Fahri bey çıkmazı #6#



Çok uykusuzummm...

 Her gün. İş yerinde son saatler baş ağrısı uykusuzluk beni mahvediyor... Bu gün  eve gittiğim gibi uyuyacağım diyorum...
Duş ,yemek,kahve keyfi derken birde bilgisayarı açayım biraz, bir bakmışım saat iki olmuş... Hatta abartıp bir iki saat uykuyla işe gittiğim oluyor. Uf yaa bizde uyumak yerine şarj olsak keşke, bütün  gün. Kablolarla gezerdim...

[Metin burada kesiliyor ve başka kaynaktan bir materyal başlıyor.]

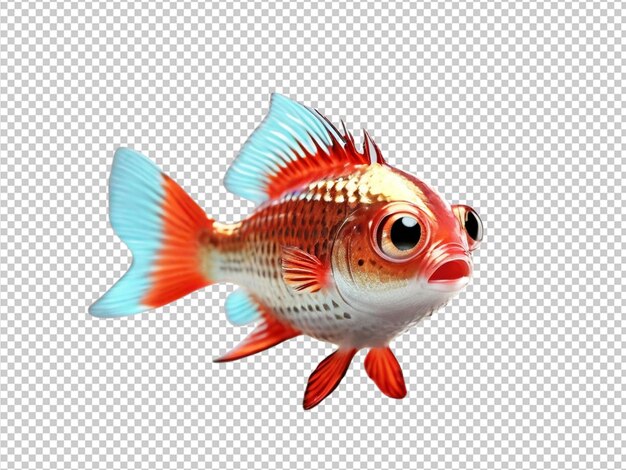 PSD psd of a flag fish on transparent background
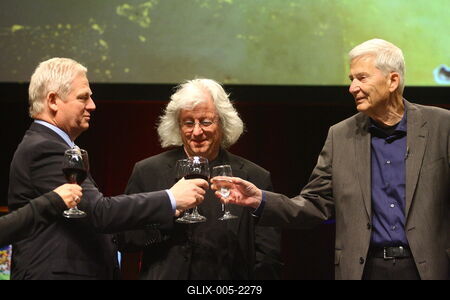 A Budapest Nagydíj átadása a Könyvfesztiválon-stock-foto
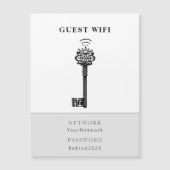 Guest Wifi Password and Network Fridge Magnet (Voorkant)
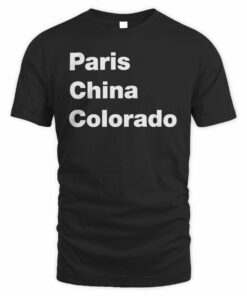 Onerepublic Store Paris China Colorado Tee T Shirt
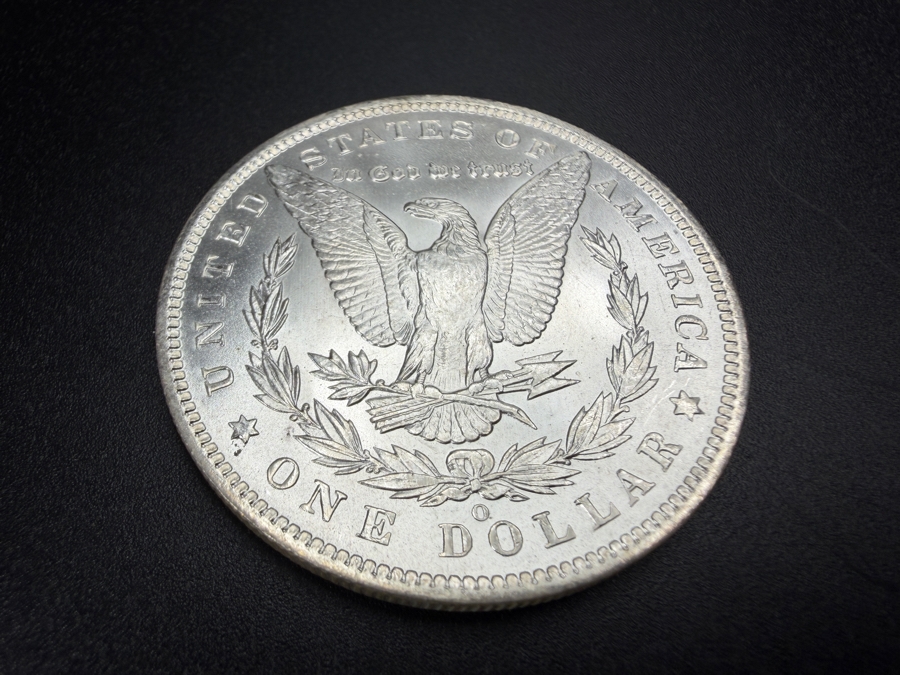 1885 O Brilliant Uncirculated Morgan Silver Dollar [Photo 4]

İş yerinde sorun olurdu biraz,kablolar oraya buraya takılır, yanlışlıkla birinin kablosuna takılıp düşer yada birinin kablosunu çıkardığını düşününce  vazgeçtim...
 Zaten bütün gün telefon şarjı sorunu yaşıyorum yeterince, birde kendime yer mi arayacağım  ...
 Kaos olurdu  herkes şarjı biter diye iş yapmazdı, birine kızınca çek şarjını ,bataryasını çıkar...  Çok bilim kurgu izliyorum bu aralar...
 Bahçeye yeni gelen kiracı,kartoncu kadının bir sürü. Kedisi varmış ev sahibi sinirden küplere  biniyor,eşyalı ev verdim ,mahvediyor diyor...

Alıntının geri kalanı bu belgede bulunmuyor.